PROVIDED RECORDS: Begin
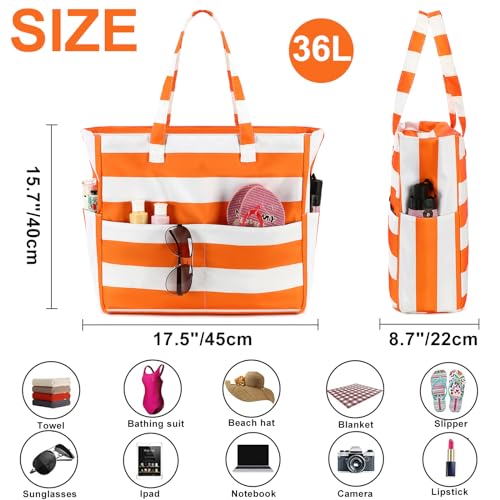 Extra Large Waterproof Beach Tote with Wet Compartment O14772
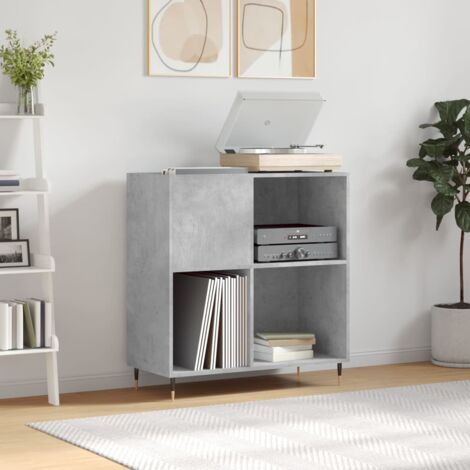 vidaXL Record Cabinet Concrete Grey  84,5x38x89 cm Engineered Wood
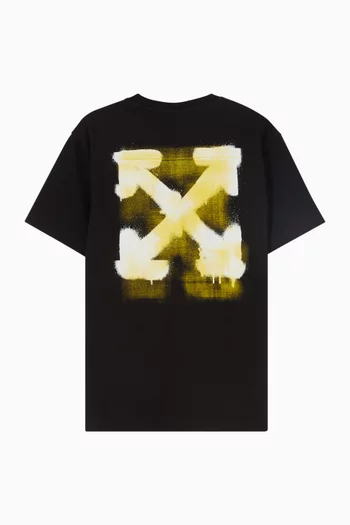 تي شيرت مزين بأسهم بشكل طلاء بخاخ قطن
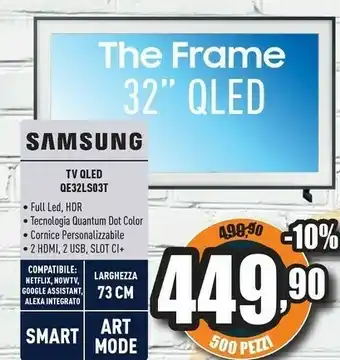 Unieuro Samsung The Frame QE32LS03TBK 81,3 Cm (32") Full HD Smart TV Wi-Fi Nero offerta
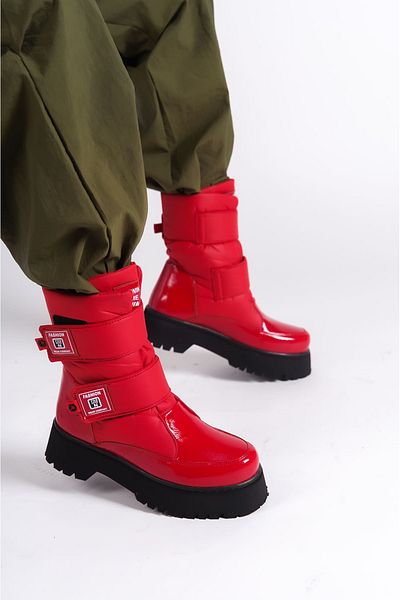 Zerenyus Elısa Velcro Parachute Fabric Patent Leather Women's Boots - Red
PROVIDED RECORDS: End
WORK INSTRUCTIONS
Write every entry again exactly as given, skipping the pictures.

SOLUTION TO THIS EXERCISE
 Extra Large Waterproof Beach Tote with Wet Compartment O14772
 vidaXL Record Cabinet Concrete Grey  84,5x38x89 cm Engineered Wood
 تي شيرت مزين بأسهم بشكل طلاء بخاخ قطن
 Unieuro Samsung The Frame QE32LS03TBK 81,3 Cm (32") Full HD Smart TV Wi-Fi Nero offerta
 Zerenyus Elısa Velcro Parachute Fabric Patent Leather Women's Boots - Red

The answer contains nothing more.